QUESTION: In tissue surgically removed from an epileptic focus, would you expect to find upregulation or downregulation of AMPA and NMDA receptors?
QUESTION: From the above, you might expect a drug that increases the opening of GABA receptors to help in epilepsy. Can you name such a drug?
(Other drugs used in epilepsy tend to act on voltage-gated Na+ channels or voltage gated Ca++ channels.)
(From the above, you might wonder why glutamate antagonists can't be used as for epilepsy. Actually, blockers of both AMPA and NMDA receptors do suppress seizures in certain animal studies, but have not proven to be useful clinically.)
Phenothiazines, such as chlorpromazine, began to be used to treat psychotic disorders such as schizophrenia and bipolar disorders in the 1950s, and by the 1960s had greatly reduced the number of institutionalized patients. They have sedative effects as well. They act as dopamine receptor antagonists, although they do have other actions.
The dopamine receptors are all seven transmembrane domain proteins linked to trimeric G proteins. Thus they create slow EPSPs. This should not be surprising in neural circuits involved in emotions and motivations, where changes occur over seconds or longer.
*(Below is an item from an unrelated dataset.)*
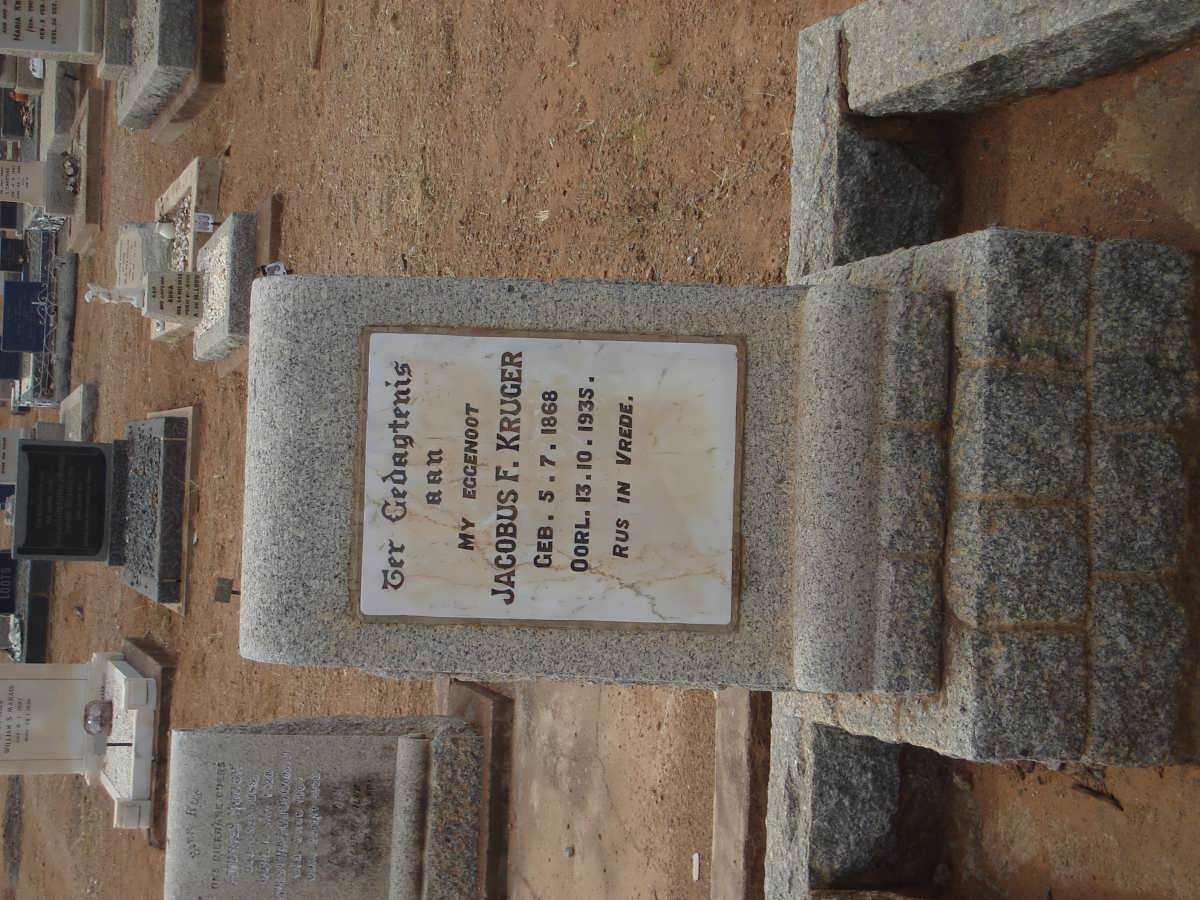 KRUGER Jacobus F. Kruger 1868-1935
Dopamine is structurally related to epinephrine and norepinephrine, which also act via seven transmembrane domain receptors coupled to trimeric G proteins.
There are a number of categories of antidepressant medications. We will briefly look at two.
The most important are selective serotonin reuptake inhibitors, such as fluoxetine (Prozac). These block the transporter that transfers the neurotransmitter serotonin from the synaptic cleft to the cytosol of the presynaptic terminal. Thus, they increase the action of serotonin in the synaptic cleft. Serotonin also acts on seven transmembrane domain receptors linked to a trimeric G proteins.
The tricyclic antidepressants began to be used for depression in the 1950s. They are now less likely to be used for depression than newer types of drugs. They are also used sometimes for neuropathic pain and other uses. The tricyclic antidepressants block reuptake transporters for serotonin and norepinephrine.